HISTÓRIAS DE FANTASMAS
 
Descobri No Quarto da Vanda quase por acaso, no Festival Internacional Nouveau Cinéma Nouveaux Médias de Montreal, em Outubro de 2001. Estava a beber um café no átrio do cinema Ex-Centris e reparei que o filme iria ser exibido numa sala a poucos metros dali. Não tinha dado por ele no programa. Fazia parte de uma programação especial sobre cinema português, e eu desconfio sempre das secções de cinematografias nacionais nos festivais. Não se limitarão a proporcionar uma montra para filmes que não são suficientemente bons para a secção principal? Mas não havia mais nada para ver àquela hora, e eu não tinha mais nada para fazer. O filme já tinha começado, mas eu podia ver alguns minutos e a seguir apanhar o filme que tinha planeado ver mais tarde. Perdi o outro filme, fosse lá qual fosse (já não me consigo lembrar). Fiquei quase imediatamente fascinado por No Quarto da Vanda. Tive a sensação de estar a ver o futuro do cinema. Foi o primeiro filme rodado em vídeo digital que não me fez desejar que tivesse sido filmado em película.

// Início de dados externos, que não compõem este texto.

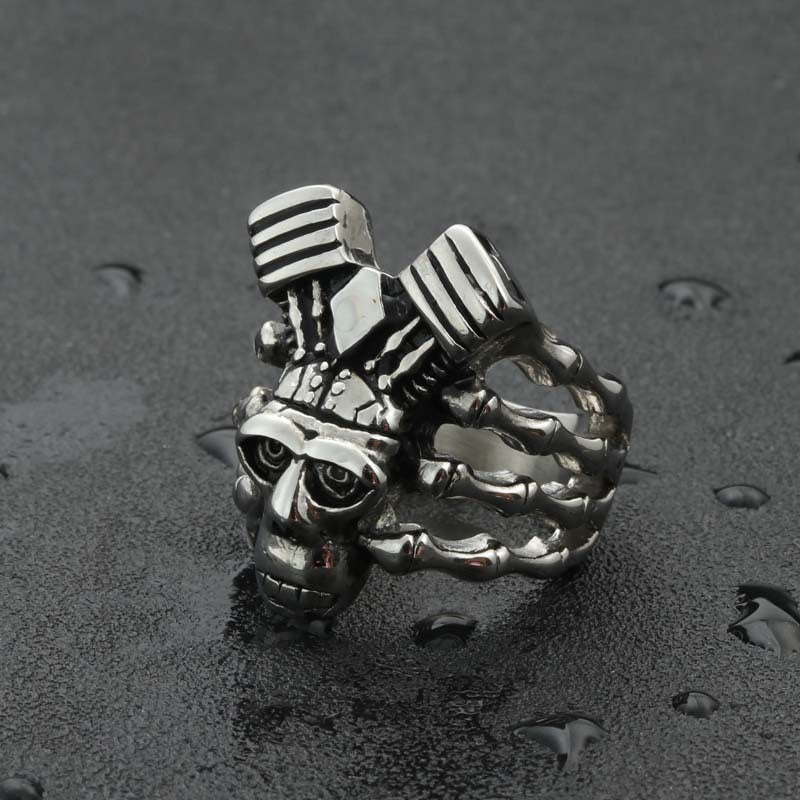 Punk-Inspired Titanium Steel Skull Ring for Men - Vintage Tribal Skeleton Design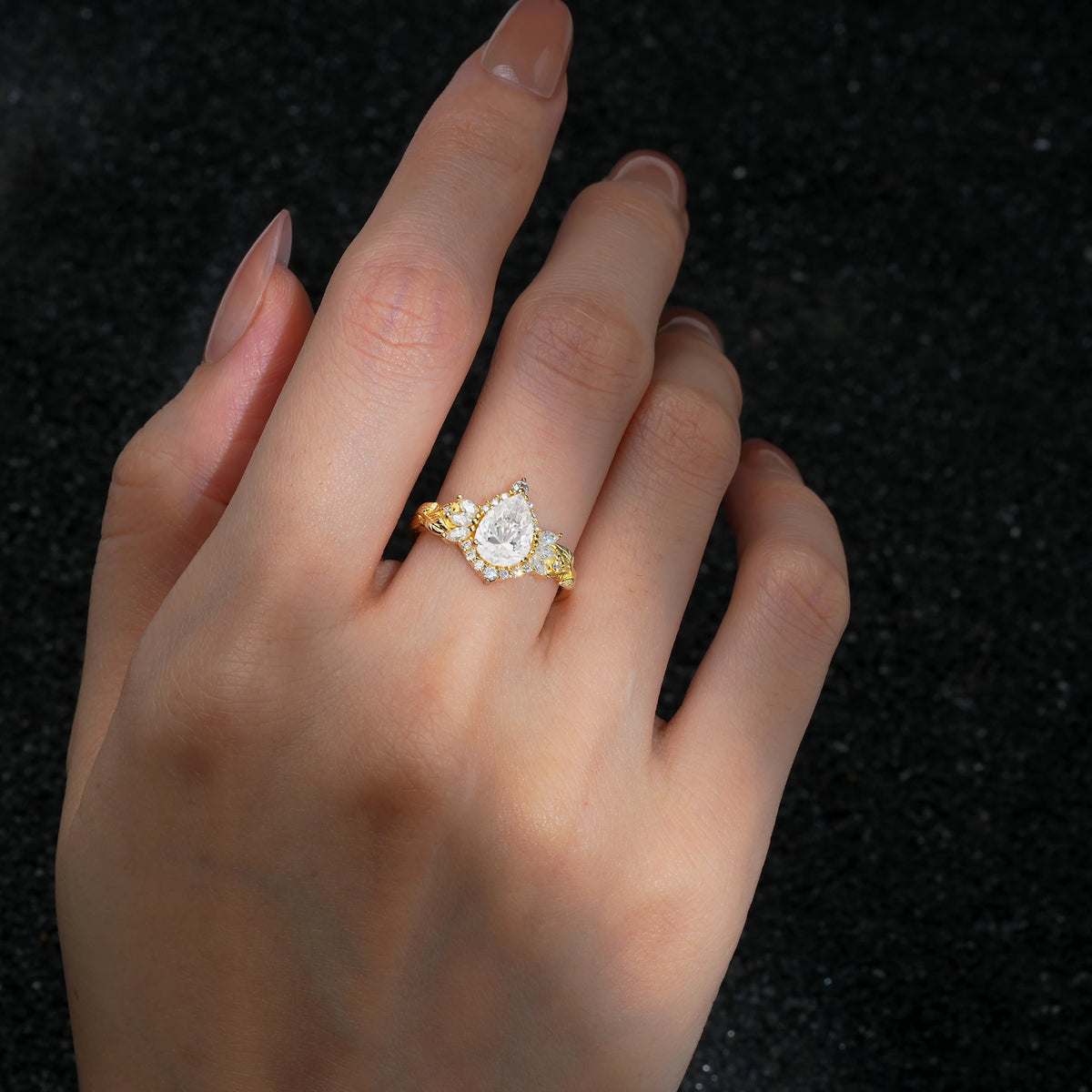 Pear Cut Moissanite Marquise Halo Leaf Vine Engagement Ring - Additional view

Na altura, não sabia que Costa tinha acumulado 140 horas de imagens e sons, das quais pôs de lado estas três horas, mas era bastante evidente que tinha passado muito tempo com as pessoas do filme.

No Quarto da Vanda é uma obra paciente. Antigamente, este género de paciência era possível para os realizadores de documentários que trabalhavam com câmaras de 16mm e deu origem a grandes filmes. Penso imediatamente em An American Family (1973), de Alan e Susan Raymond, em Seventeen (1983) de Jeff Kreines e Joel DeMott, e nos filmes de Sanrizuka de Ogawa Shinsuke, que documentam a resistência camponesa à construção do aeroporto de Narita, nos arrabaldes de Tóquio. Mas nessa altura a película era mais barata. Agora esta paciência só é possível para quem trabalhe com câmaras de vídeo.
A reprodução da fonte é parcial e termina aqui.